Na litografia Rêve de Jeune Fille [Sonho de uma Jovem], a artista constrói um universo figurativo entre o onírico e o estranho, através de figuras híbridas que se situam entre o humano e o animal.

As serpentes que ameaçam a personagem feminina são uma alusão à figura violadora do seu pai, a que a artista alude no opúsculo Mon Secret [O Meu Segredo], de 1999. Estes signos expressam a sua luta interior para ultrapassar traumas em direção à criação de uma liberdade feminina.

Primeiras Aquisições

Amadeo de Souza-Cardoso, Título desconhecido (Coty), c. 1917

Amadeo de Souza-Cardoso, pioneiro do Modernismo português, participa nos revolucionários movimentos internacionais vanguardistas da época. Numa estadia forçada em Portugal, devido à I Guerra Mundial, o artista pinta uma das suas obras mais emblemáticas, que faz referência a François Coty, criador da indústria moderna de perfumes.

Aspeto da exposição «Histórias de uma Coleção» ©Pedro Pina

Encontramos uma menção prévia ao perfumista francês numa carta que Amadeo escreve a Lucie, sua esposa, em 1913, em que lhe pergunta: «Então, o perfume Coty é dos bons?».

Porém, o tema central desta obra vai muito para além do perfume. Os elementos florais e fragmentos da obra – ganchos de cabelo, um colar, espelhos e vidros – remetem-nos para o glamour da indústria da moda e para o universo feminino do início do século XX.

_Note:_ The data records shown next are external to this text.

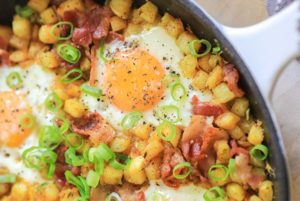 Closeup of Breakfast Hash with over easy eggs and sliced green onions in a white skillet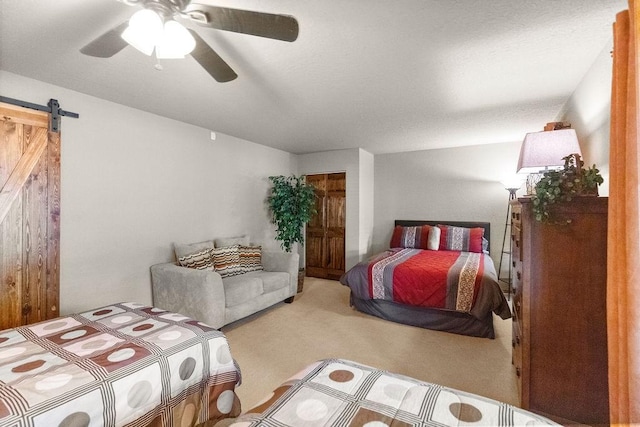 16180 Black Oak Ln, Rogers, AR 72756 - bedroom featuring a barn door, carpet, and a ceiling fan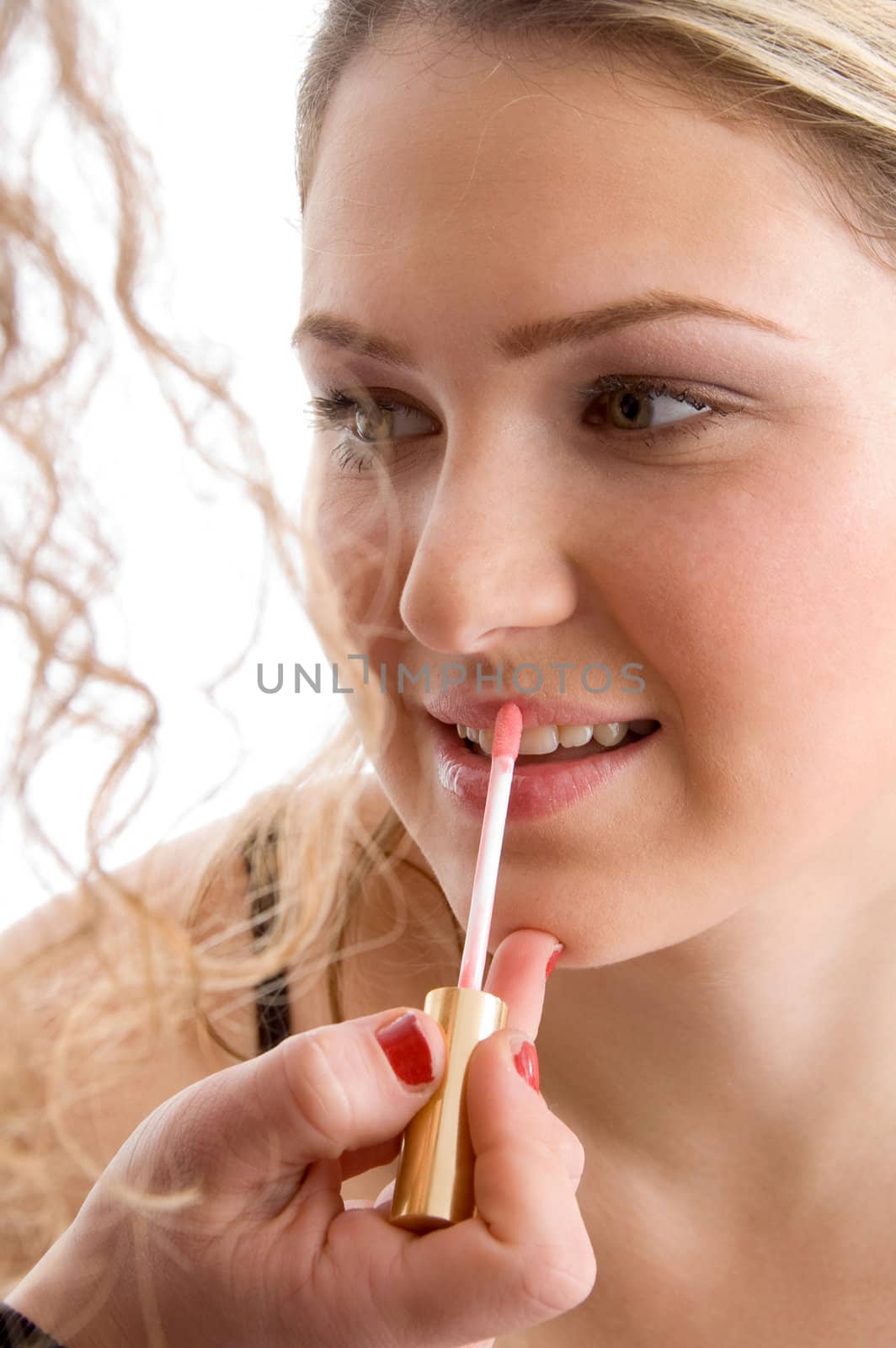 pretty model getting lip makeup on an isolated white background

Amadeo de Souza Cardoso em Manhufe (Amarante, Portugal), c. 1908-1918. Arquivos Gulbenkian ASC01-44 IC
Amadeo de Souza-Cardoso, Título desconhecido (Coty), 1917. Inv. 68P11

Recordam-nos a crescente emancipação da mulher e do seu papel cada vez mais ativo na sociedade, devido a uma constante ausência da figura masculina, que se encontrava em combate, entre guerras.

A obra alude também a uma temática amplamente representada ao longo de toda história da arte: a vanitas. Já Tiziano, Velázquez e Rubens haviam pintado a nudez feminina e o seu reflexo num espelho. Todavia, Amadeo consegue dotar esta obra de uma tridimensionalidade única, envolvendo o observador e subvertendo a sua posição de voyeur, ao mesmo tempo que reflete sobre a beleza da modernidade. É o bulício inesperado de uma natureza-morta.

O Início

Lourdes Castro, Odalisque d’Après Ingres, 1964

Através de Odalisque d’Après Ingres, Lourdes Castro cita e homenageia um importante nome da pintura francesa: Jean-Auguste-Dominique Ingres. Durante o tempo que passou em Paris (1957-1983), a artista visitava frequentemente o Museu do Louvre para observar a pintura.

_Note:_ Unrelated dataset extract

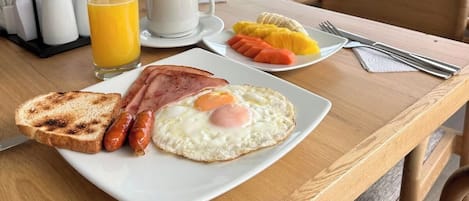 A breakfast plate with toast, sausages, a fried egg, and a glass of orange juice.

Aspeto da exposição «Histórias de uma Coleção» ©Pedro Pina

Odalisque d’Après Ingres abre-nos a porta a um infindável processo de experimentação baseado na exploração da sombra. A pintura em causa decompõe a obra de Ingres, transformando-a no leve contorno de uma silhueta que nega o carácter voyeurístico original. A artista retira à obra os seus referentes exóticos, mantendo apenas o contorno curvilíneo e feminino do corpo, que serve de associação imediata à pintura original.

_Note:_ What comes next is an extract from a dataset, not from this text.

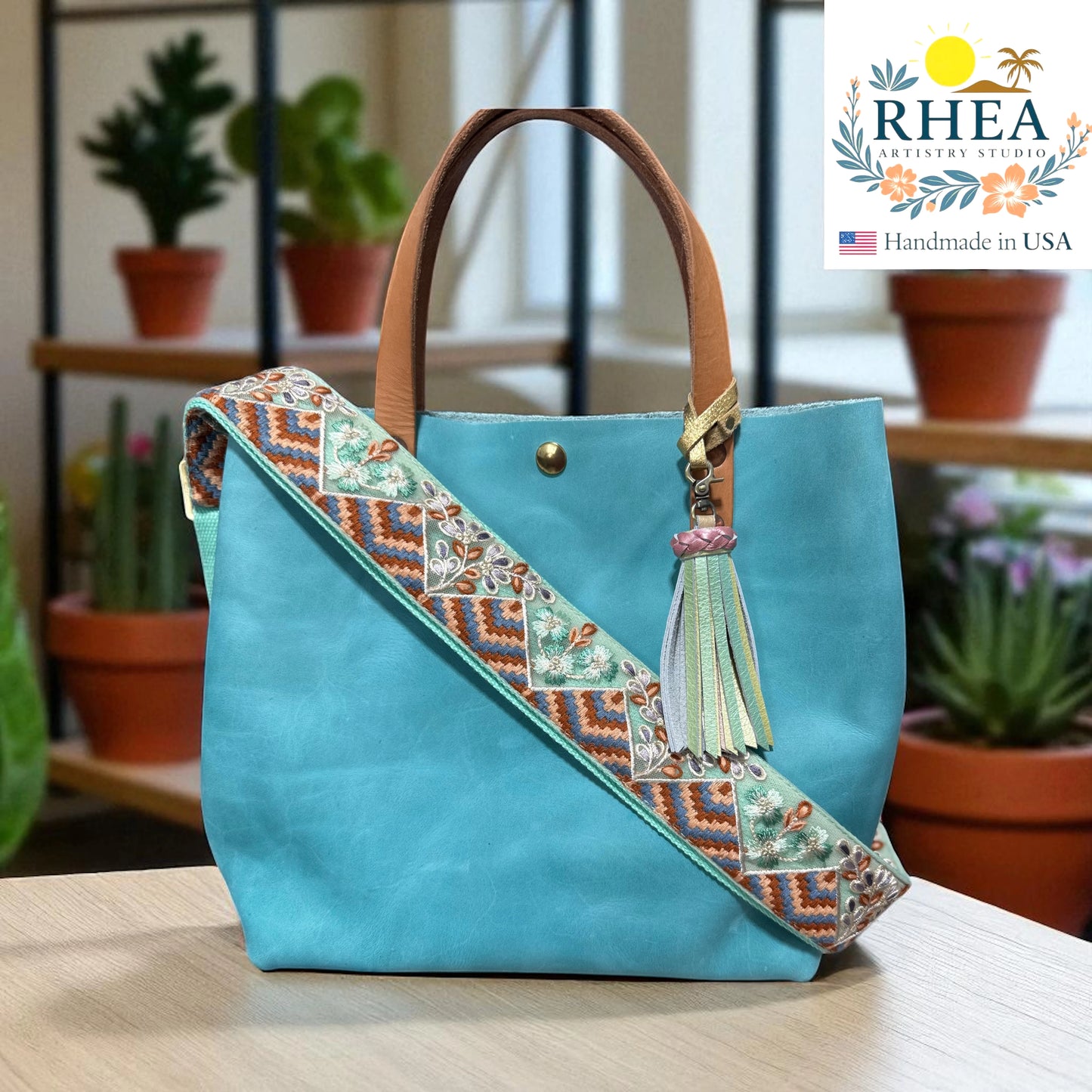Turquoise handbag with decorative strap and tassel on a wooden surface, with 'RHEA' branding.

Lourdes Castro alude, nesta obra, às inúmeras recriações de mulheres escravizadas vindas de um Oriente imaginário criadas por artistas masculinos. Através desta representação questiona também os estereótipos culturais eurocêntricos, assim como o padrão erotizado e sexualmente discriminatório da representação feminina ao longo da história da arte, tal como o farão as Guerrilla Girls cerca de vinte anos mais tarde. 

«É indispensável inaugurá-lo»

Peter Phillips, For Men Only – Starring MM and BB, 1961

For Men Only – Starring MM and BB é uma das primeiras obras criadas pelo então jovem Peter Phillips.

Um dos pioneiros da Pop Art, Peter Phillips revela, na sua obra, algumas das transformações visuais que surgiram nos anos de 1960, resultado das grandes mudanças sociais, políticas e culturais que ocorreram no pós-guerra. O artista foi fortemente influenciado pela cultura americana e incorporou linguagens visuais da publicidade e do design gráfico no seu trabalho.

Nesta pintura, agrega representações fotográficas das estrelas de cinema da década de 1950 consideradas símbolos sexuais, como Brigitte Bardot e Marilyn Monroe, e fotografias de uma famosa stripper da época, associando estas imagens ao jogo de tabuleiro vitoriano «A Lebre e a Tartaruga» – que contém a frase «she’s a doll» [ela é uma boneca].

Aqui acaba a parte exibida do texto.